Posted by Kent Lassman at 12:47 PM
It is difficult to define federalism in a sentence or two. Today at NRO, Ramesh Ponnuru writes,
It can be defended as a way of ensuring choice, competition, and accountability. It may be regarded as a structural means of maximizing freedom and minimizing dangers to it. It may be seen as a way of realizing the goal of subsidiarity, the principle that responsibilities should be discharged by the smallest unit competent to do them. Or it can be valued as a way of encouraging experimentation with different policies (possibly as a prelude to national adoption of the successful ones). It may leave a larger number of people satisfied with the policies they live under than would be the case if a uniform national policy had to be adopted. It may be thought that the appropriate laws for a state depend on its particular characteristics. Or that it promotes a kind of civic engagement that cannot take place at higher levels of government. No doubt other reasons to support federalism can be added to this list.
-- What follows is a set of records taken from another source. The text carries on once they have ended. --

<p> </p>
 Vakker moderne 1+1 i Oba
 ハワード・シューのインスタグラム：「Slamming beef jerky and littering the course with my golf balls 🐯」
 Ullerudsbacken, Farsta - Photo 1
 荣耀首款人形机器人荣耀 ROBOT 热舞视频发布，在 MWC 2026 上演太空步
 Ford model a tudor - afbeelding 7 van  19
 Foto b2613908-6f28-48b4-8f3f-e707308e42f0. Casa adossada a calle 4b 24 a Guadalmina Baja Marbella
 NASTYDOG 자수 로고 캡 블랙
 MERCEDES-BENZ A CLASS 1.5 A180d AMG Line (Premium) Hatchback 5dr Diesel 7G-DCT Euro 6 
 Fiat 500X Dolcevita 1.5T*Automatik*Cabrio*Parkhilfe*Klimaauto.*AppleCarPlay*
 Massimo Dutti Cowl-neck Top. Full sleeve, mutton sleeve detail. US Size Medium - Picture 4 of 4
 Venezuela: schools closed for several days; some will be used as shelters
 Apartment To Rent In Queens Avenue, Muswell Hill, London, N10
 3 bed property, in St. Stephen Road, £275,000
While I like Ramesh immensely, I rarely enjoy the type of internal-to-the-conservative-movement arguments at which he excels. Today we have an exception. Federalism is all the things he describes, and more. Foremost, federalism is a means of organization. It is a means, not an end. So when he uses words like “a structural means,” “way of realizing,” a way of encouraging,” and “it promotes” he is right on target. Federalists recognize a blending of powers between branches and levels of government. This means of organization fragments and distributes power (promoting liberty) as well as qualitatively improves the distribution of government services (promoting justice).
Ponnuru chides conservatives for not making better arguments for their view of federalism. I wonder if any arguments are being made for federalism or rather, if it more often serves as a fig leaf to give a whiff of principled constitutionalism to the everyday arguments about policy outcomes.